What needs to be done: Word for word, restate the lines from the one holding "Seven - Old Town Apartment" through the last line of the material below, and leave every picture out.
[Recorded data — start]
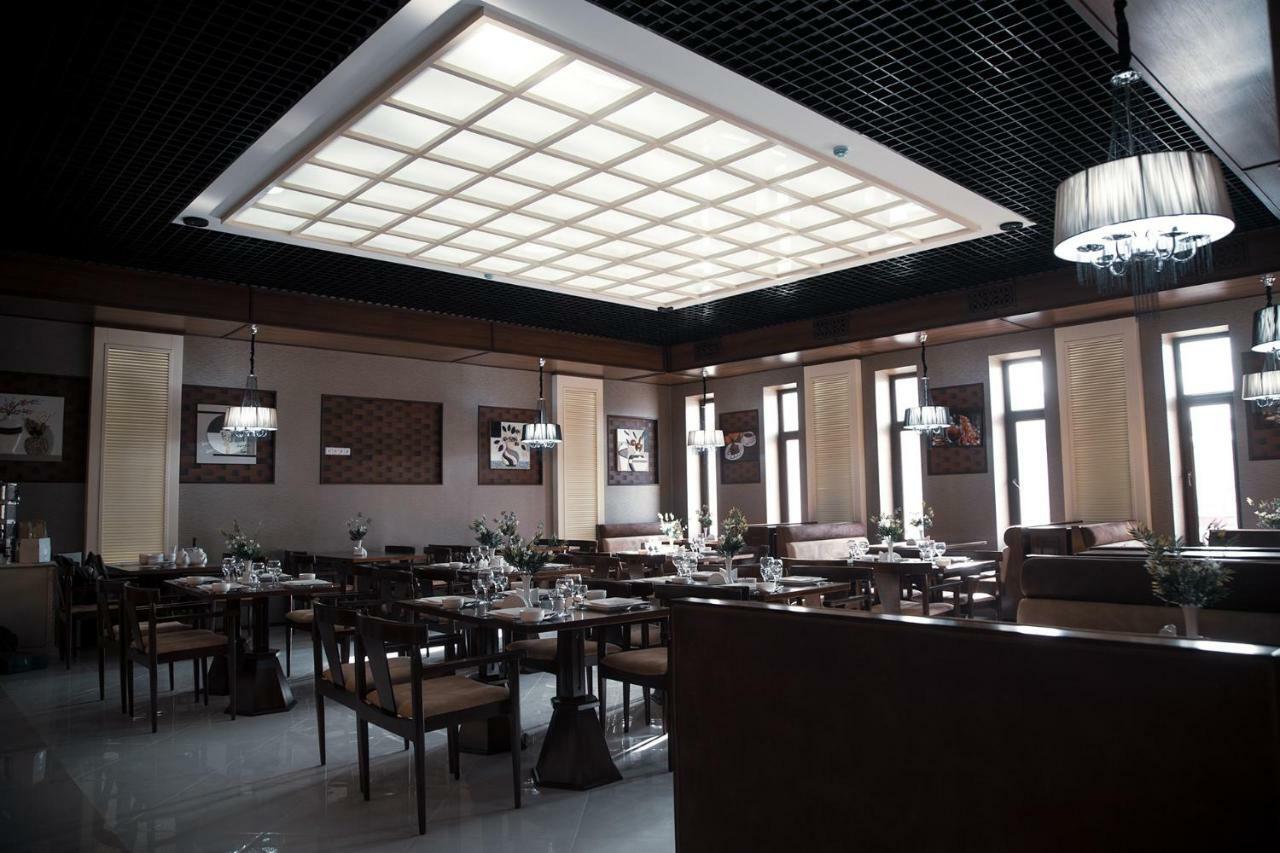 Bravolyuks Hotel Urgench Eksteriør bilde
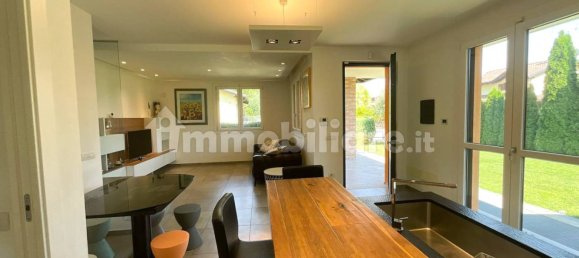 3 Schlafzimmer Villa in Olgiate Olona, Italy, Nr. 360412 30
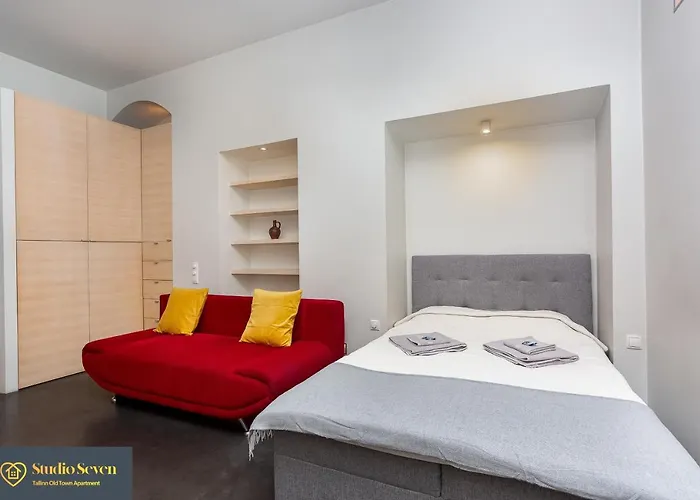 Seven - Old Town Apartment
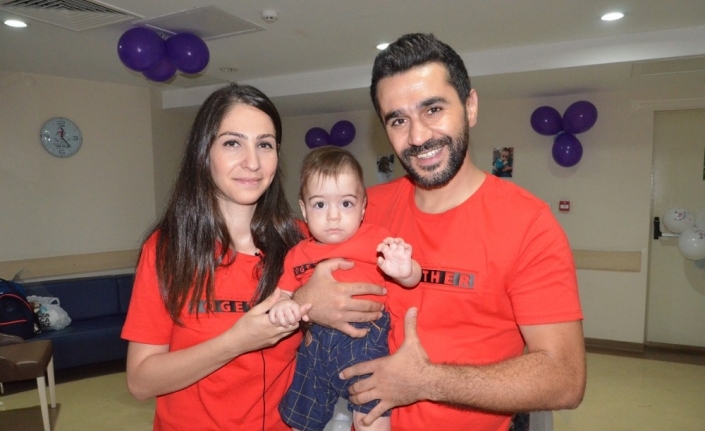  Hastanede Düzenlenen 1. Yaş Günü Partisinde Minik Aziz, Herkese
[Recorded data — finish]
Response to the task:
 Seven - Old Town Apartment
  Hastanede Düzenlenen 1. Yaş Günü Partisinde Minik Aziz, Herkese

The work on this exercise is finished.